>>>
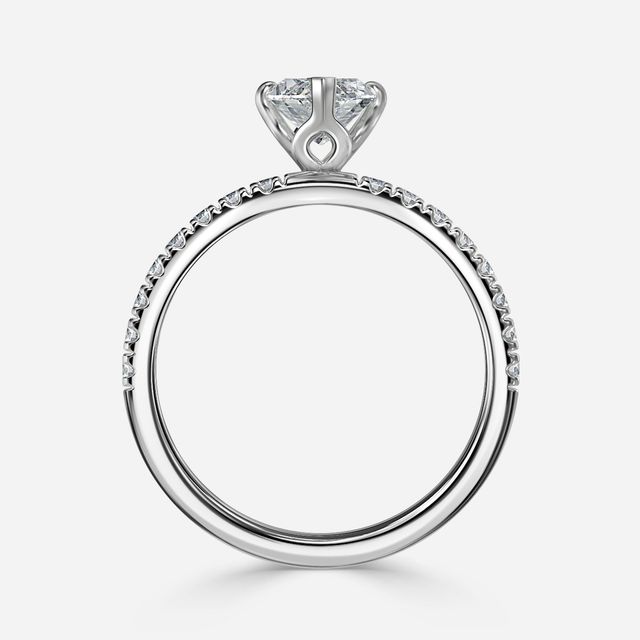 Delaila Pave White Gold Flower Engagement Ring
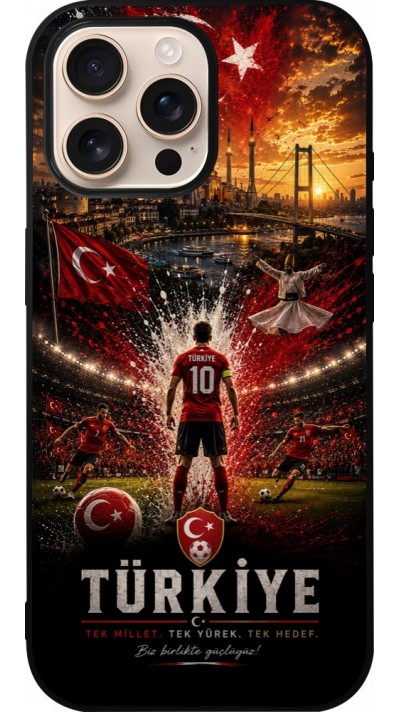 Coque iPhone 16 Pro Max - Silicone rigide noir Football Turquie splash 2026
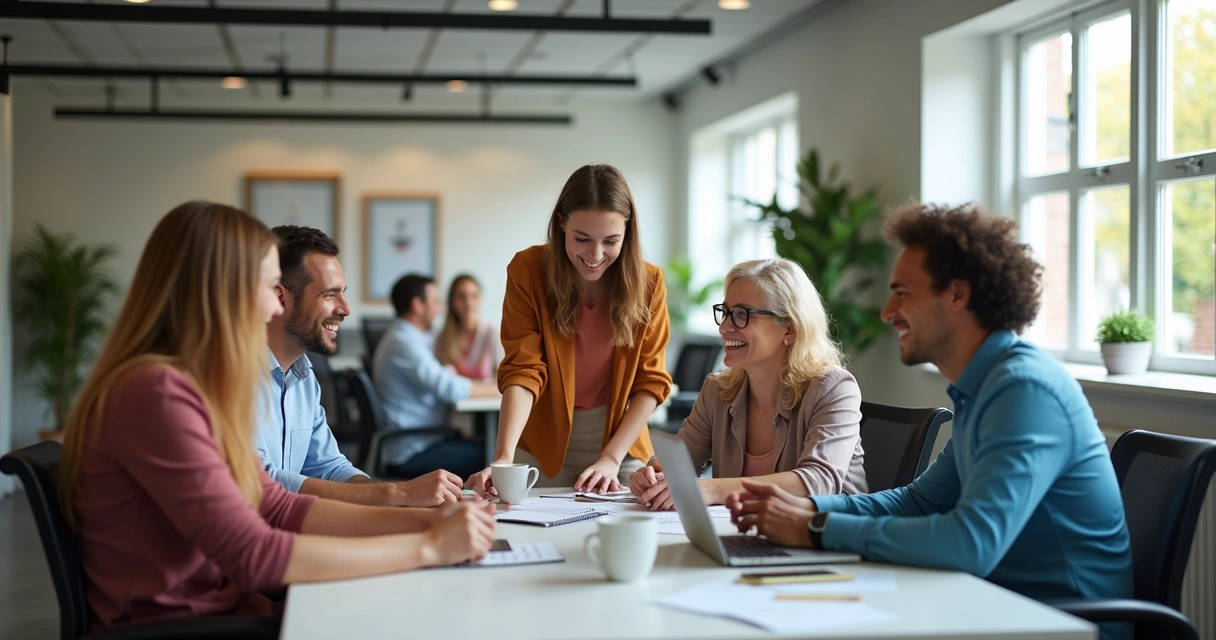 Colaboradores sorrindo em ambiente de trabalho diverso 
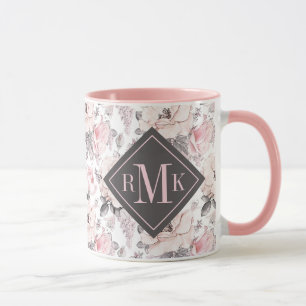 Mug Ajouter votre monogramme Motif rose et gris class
<<<
- **What you are asked to do**
Leaving every picture out, output the data exactly as it stands.

- **Answer to this task**
 Delaila Pave White Gold Flower Engagement Ring
 Coque iPhone 16 Pro Max - Silicone rigide noir Football Turquie splash 2026
 Colaboradores sorrindo em ambiente de trabalho diverso 
 Mug Ajouter votre monogramme Motif rose et gris class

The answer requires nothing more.